スマートフォン(スマホ)やタブレットに続く次世代デバイスとして「ウエアラブルコンピューター」が注目を集めている。ウエアラブルコンピューターとは、めがね型情報機器「グーグル・グラス」のように体に身に着けるタイプのコンピューターデバイスのこと。必要なときにポケットやかばんから取り出して使うスマホとは、使い方や目的が根本的に異なる。このため、まだ存在しない新しい市場が登場する原動力として期待が高まっている。

常時身に着けることで新しい使い方を創造

米グーグル社が先週に開催した開発者会議「グーグルI/O」で、めがね型情報機器「グーグル・グラス」向けのアプリケーションがいくつか発表された。例えば、フェイスブックやツイッター、エバーノートといったスマホでも一般的なアプリが登場している。こうしたアプリの名前だけを見ていると、単に身に着けていつでも使えるようになっただけのようなイメージを受ける。だが、それではウエアラブルコンピューターの将来性を見誤る。
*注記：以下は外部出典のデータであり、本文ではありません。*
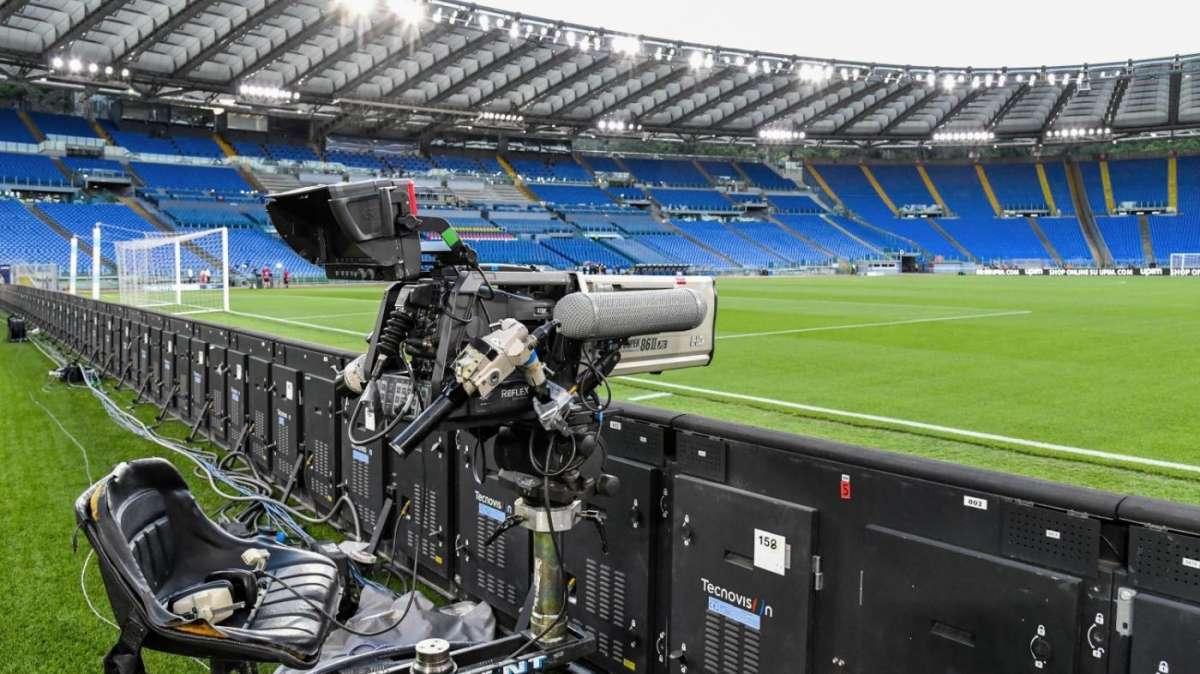 Diritti tv, spezzatino sì o no? La decisione della Lega Serie A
たとえば、常時身に付けていることで、体の動き、脳波の変化、体温、心拍数、血圧、血糖値、汗などのバイタルサインに関連する情報を各種センサーで測定して記録できる。外界の音や映像を記録して、装着している人の経験を記録することも可能だ。また、目の前に情報を表示したり、音声や振動で情報を伝えたりすることもできる。そして、こうしたウエアラブルコンピューターの特徴を生かした新デバイスが登場してきている。

新しい映像を記録できるウエアラブルカメラ

実際の市場で好調な立ち上がりを見せているウエアラブルコンピューターは、スポーツマン向けの「ウエアラブルカメラ」と、歩数計を進化させた「アクティビティーモニター」の2種類だ。

前者のウエアラブルカメラは、サーファーやスノーボーダーなどを対象にした「GoPro(ゴープロ)」が圧倒的に強い。ゴープロはヘルメットや自転車などに固定して、スポーツや探検の映像を撮影できるようにしたカメラである。
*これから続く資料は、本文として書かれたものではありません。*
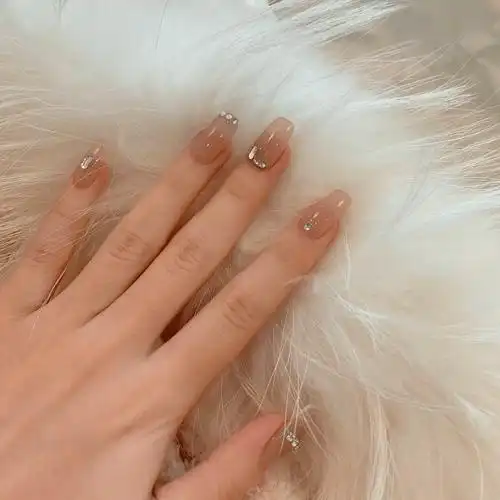 150款巨好看的夏日美甲!清凉显手白,短甲也能做!_款式_指甲_手指头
サーフィンやモータースポーツ、スキー、自転車といったスポーツの映像について、参加するプレーヤーの視点から生々しい映像で記録できる。また、ワニやサメ、ホッキョクグマの口の中を撮影するのにも使用するなど、カメラの可能性を大幅に広げている。

 スマホの急速な普及でコンパクトデジカメ市場が急速に勢いを失う中で、このゴープロがコンパクトデジカメ市場の30%のシェアを獲得したことは注目に値する。ターゲット層を絞り必要な機能のみに厳選して搭載したことと、フェイスブックなどの交流サイト(SNS)を通した口コミと、スポーツ用品店を通した小売り戦略が成功の原因とみられる。

健康器具分野で新製品が大人気

もう1つのアクティビティーモニターの市場は、ランニングの情報を記録する「Nike+(ナイキプラス)」 が開拓したといってよい。これは、スポーツバンドや腕時計などの形の製品で、身に着けてランニングすると、時間や走行ルートなどのデータを記録してくれる。記録したデータは、後から履歴を表示したり、交流サイト(SNS)やウェブサイトと連携してデータを公開したりできることで人気を集めた。
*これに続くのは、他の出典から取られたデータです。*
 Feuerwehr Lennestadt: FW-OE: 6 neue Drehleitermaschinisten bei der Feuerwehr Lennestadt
そして現時点のアクティビティーモニター市場をリードしているのは、「Jawbone(ジョウボーン)UP」と「Fitbit(フィットビット)」の2つである。これらは、リストバンドや歩数計の形になっており、体に装着して、歩いた歩数や距離、消費カロリー、睡眠時間といった情報を24時間ずっと記録する。

ナイキプラスが本格的にランニングをする人達をターゲットとしていたのと比べ、ジョウボーンUPとフィットビットは、普通の人たちが運動不足を解消するための健康管理デバイスというポジショニングで成功している。いずれも、スマホのアプリやウェブサイトとの連携で付加価値を高めている点が従来型の歩数計との大きな違いで、1万円前後という高価格帯にもかかわらず、売り切れが続出するほどの人気を集めている。

米ジョウボーン社はもともとiPhone向けのアクセサリーを売っていた会社である。だが、ジョウボーンUPの成功後に、ボティーメディアという健康モニターデバイスの会社を買収し、いよいよ健康管理のためのウエアラブルコンピューター市場に本腰を入れ始めた。

 ウエアラブルコンピューターを利用するのはコンシューマーだけではない。警察・消防・軍隊におけるハンズフリーコミュニケーション、顧客とのアイコンタクトが重要なホテルや遊園地などでのホスピタリティービジネスにおける顧客サービスの向上、整備士・クレーン技師・外科医の視覚補助、などビジネス分野への応用について開発も盛んになってきている。スマホでは、「遊び」でしかなかった仮想現実(AR)も、ウエアラブルコンピューターなら実用化の段階に入るだろう。

広大な新市場が登場する可能性も

まだまだ立ち上がり始めたばかりのウエアラブルコンピューター市場だが、これからは、ゴープロやジョウボーンUPのような特定ニーズに絞ったデバイスと、グーグル・グラスのような汎用デバイスとが、お互いに影響を与えながら市場そのものを大きくしていくフェーズに入ったといえる。

スマホの形状はiPhoneが作った基本形を踏襲しており、どれも非常に似ている。だが、ウエアラブルコンピュータはさまざまな形状がある。「ドラゴンボール」で目の部分に着けて透過型で情報を表示する「スカウター」状のもの(グーグル・グラスが相当)や、ヘルメット、ゴーグル、ヘッドホン、イヤリング、リストバンド、指輪、ネックレス、ベスト、下着など、どのデータを収集し、装着者にどんな情報を伝えるかによって適切な形は大きく変わる。

つまり、ウエアラブルコンピューターは目的に適した形に特化するケースが多いということだ。このため、専用ワープロがパソコンに淘汰されたような「汎用化」が起こりにくい。腕に装着して体の動きや心拍数を測定する「アクティビティーモニター」がスカウター型の汎用デバイスに淘汰されるとは限らず、1強のような状態にはなりづらく、多様なベンダーが活躍する可能性が高いだろう。

ウエアラブルコンピューターそのものでは、データの処理能力は高くない。そのため、市場で勝ち抜いていくための競争力としては、データを活用するバックエンドのソフトウエアやウェブサービスが、これまで以上に重要になる。日本のメーカーはそれこそ会社のビジョンをゼロから作り直して再スタートするぐらいの覚悟でのぞむ必要があるだろう。